== Listed entries

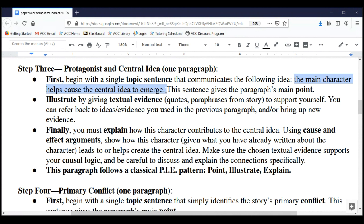As before, begin with a topic sentence. Your topic sentence will simply state that the main character helps cause the central idea to emerge — put that in your own words. Notice this is an example of what we call a claim of cause and effect: we're making a claim that the character as written helps bring about or cause the story's central idea. We're following the PIE pattern — make our point first, then illustrate using textual evidence.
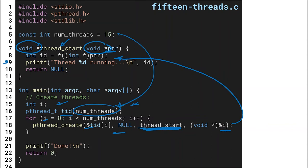Knowing what we know now — what do we expect this code to do? We expect threads zero through 14 to print out, showing all 15 threads running, then 'done' at the end. But actually, we have 15 independent execution units and never said anything about them being ordered. So we might actually see seven print first, then one, then zero, then nine — any jumble of order — because we now have 16 threads all running at the same time.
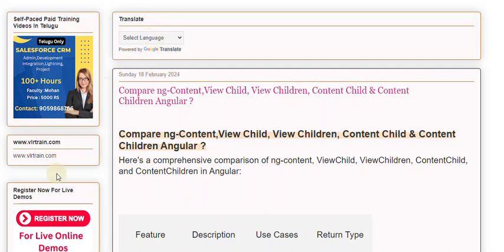Here's a comprehensive comparison of ngContent, ViewChild, ViewChildren, ContentChild, and ContentChildren in Angular.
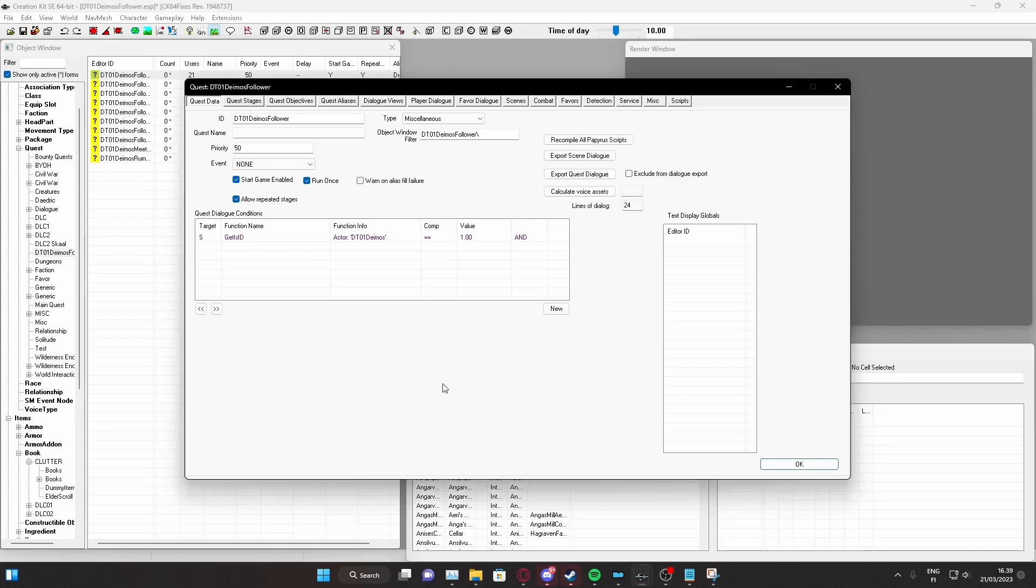Hello there everyone. I am the Sergeant Duggo, and today I am working on my custom voiced follower Deimos for Skyrim Special Edition. I ran into a bit of a problem earlier today, and I noticed there really aren't that many good tutorials on this, so I decided to make one myself.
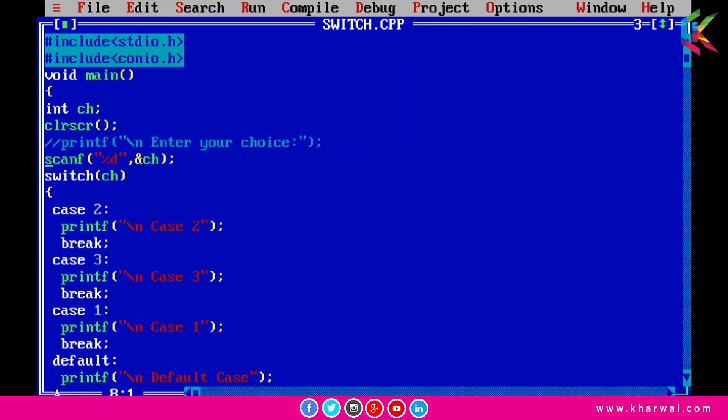and now I am passing here an arithmetic expression. Now we will get here three because first of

====

● Required work:
Return all the records exactly. Skip the pictures.

● Completed exercise:
As before, begin with a topic sentence. Your topic sentence will simply state that the main character helps cause the central idea to emerge — put that in your own words. Notice this is an example of what we call a claim of cause and effect: we're making a claim that the character as written helps bring about or cause the story's central idea. We're following the PIE pattern — make our point first, then illustrate using textual evidence.
Knowing what we know now — what do we expect this code to do? We expect threads zero through 14 to print out, showing all 15 threads running, then 'done' at the end. But actually, we have 15 independent execution units and never said anything about them being ordered. So we might actually see seven print first, then one, then zero, then nine — any jumble of order — because we now have 16 threads all running at the same time.
Here's a comprehensive comparison of ngContent, ViewChild, ViewChildren, ContentChild, and ContentChildren in Angular.
Hello there everyone. I am the Sergeant Duggo, and today I am working on my custom voiced follower Deimos for Skyrim Special Edition. I ran into a bit of a problem earlier today, and I noticed there really aren't that many good tutorials on this, so I decided to make one myself.
and now I am passing here an arithmetic expression. Now we will get here three because first of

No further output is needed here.